** Opening Records for processing block **

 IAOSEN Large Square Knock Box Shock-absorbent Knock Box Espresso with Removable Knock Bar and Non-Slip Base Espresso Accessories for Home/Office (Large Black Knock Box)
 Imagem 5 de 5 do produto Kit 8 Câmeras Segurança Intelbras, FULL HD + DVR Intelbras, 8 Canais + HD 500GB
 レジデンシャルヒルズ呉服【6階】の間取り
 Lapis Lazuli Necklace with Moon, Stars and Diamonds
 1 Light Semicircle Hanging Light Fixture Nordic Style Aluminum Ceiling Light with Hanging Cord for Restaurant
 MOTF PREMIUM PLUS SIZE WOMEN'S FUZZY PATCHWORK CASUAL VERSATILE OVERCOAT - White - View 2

** Closing Records for processing block **
** Opening Records for processing block **

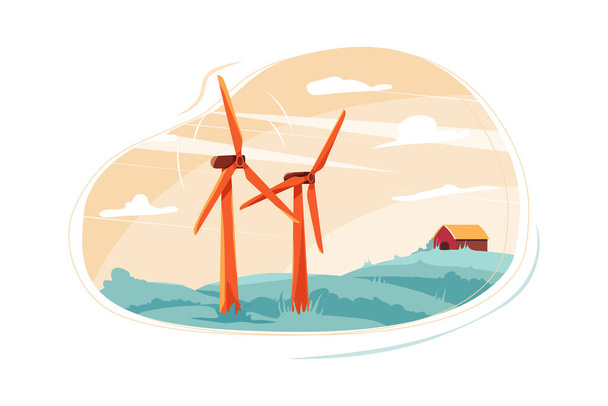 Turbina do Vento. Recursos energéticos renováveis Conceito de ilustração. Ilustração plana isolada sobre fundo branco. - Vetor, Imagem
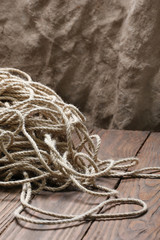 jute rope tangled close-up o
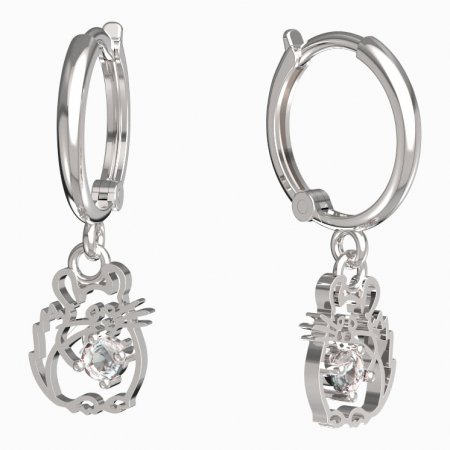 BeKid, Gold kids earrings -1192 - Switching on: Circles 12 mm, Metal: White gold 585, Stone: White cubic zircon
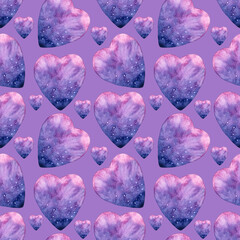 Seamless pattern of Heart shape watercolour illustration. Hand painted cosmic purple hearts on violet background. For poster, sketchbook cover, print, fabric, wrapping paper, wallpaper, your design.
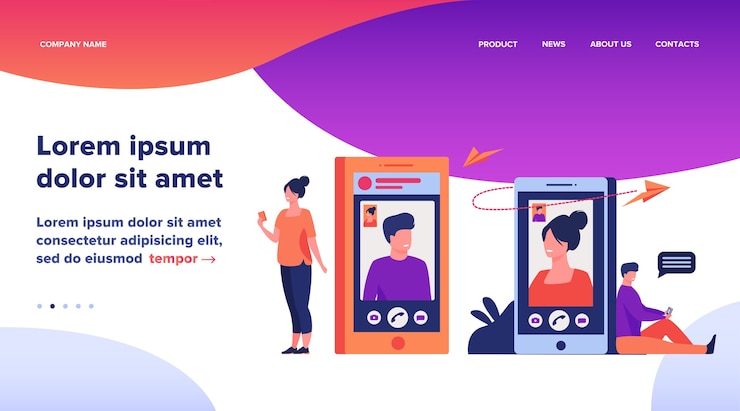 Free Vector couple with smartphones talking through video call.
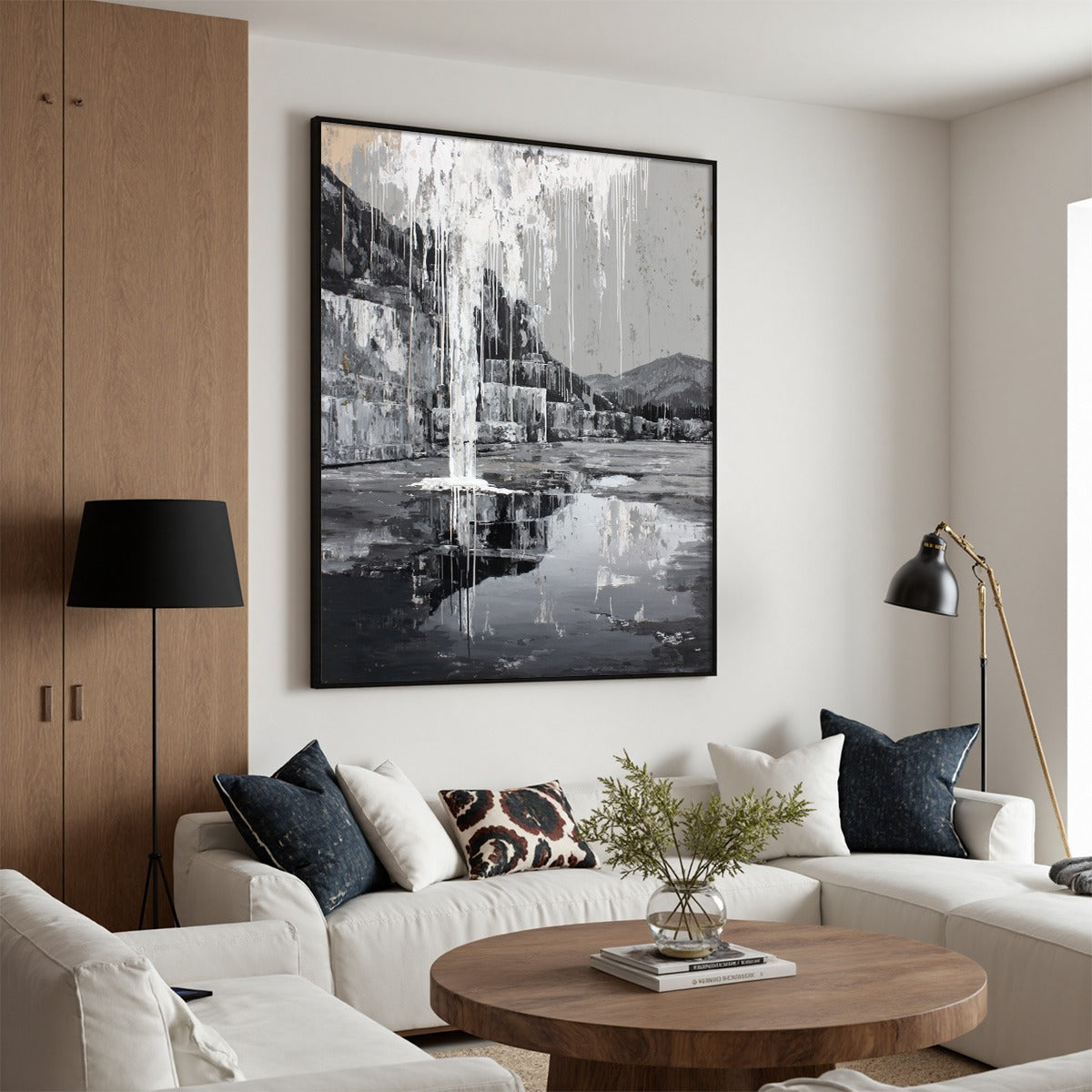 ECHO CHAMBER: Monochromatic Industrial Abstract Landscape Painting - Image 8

** Closing Records for processing block **
** Opening Records for processing block **

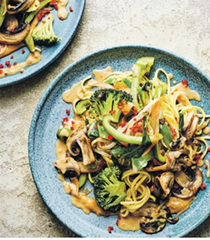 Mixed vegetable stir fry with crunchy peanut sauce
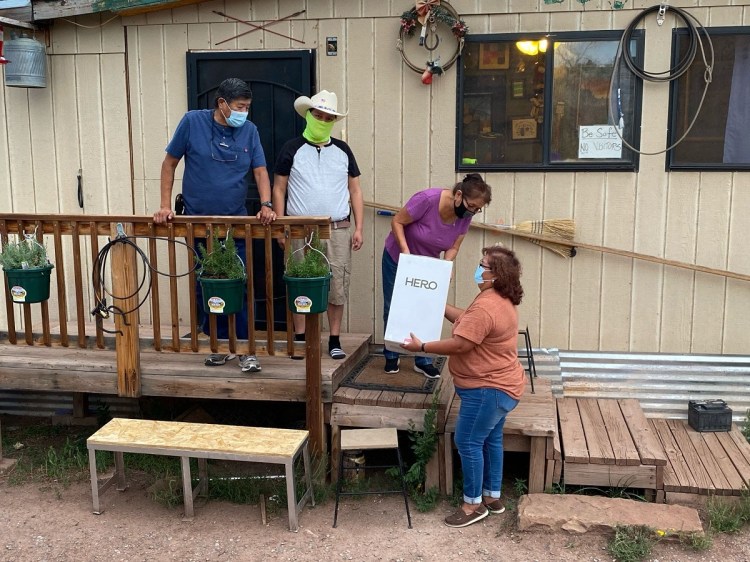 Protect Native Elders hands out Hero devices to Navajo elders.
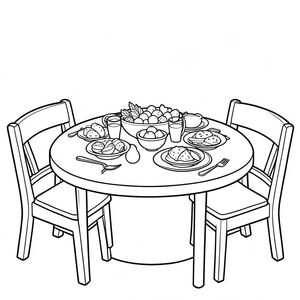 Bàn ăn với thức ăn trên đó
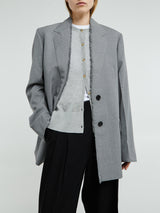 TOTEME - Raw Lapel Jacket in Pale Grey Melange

** Closing Records for processing block **

Return only the stretch above from the line containing "Protect Native Elders" through the line containing "TOTEME - Raw", word for word and without pictures.

§ **Final answer**:
 Protect Native Elders hands out Hero devices to Navajo elders.
 Bàn ăn với thức ăn trên đó
 TOTEME - Raw Lapel Jacket in Pale Grey Melange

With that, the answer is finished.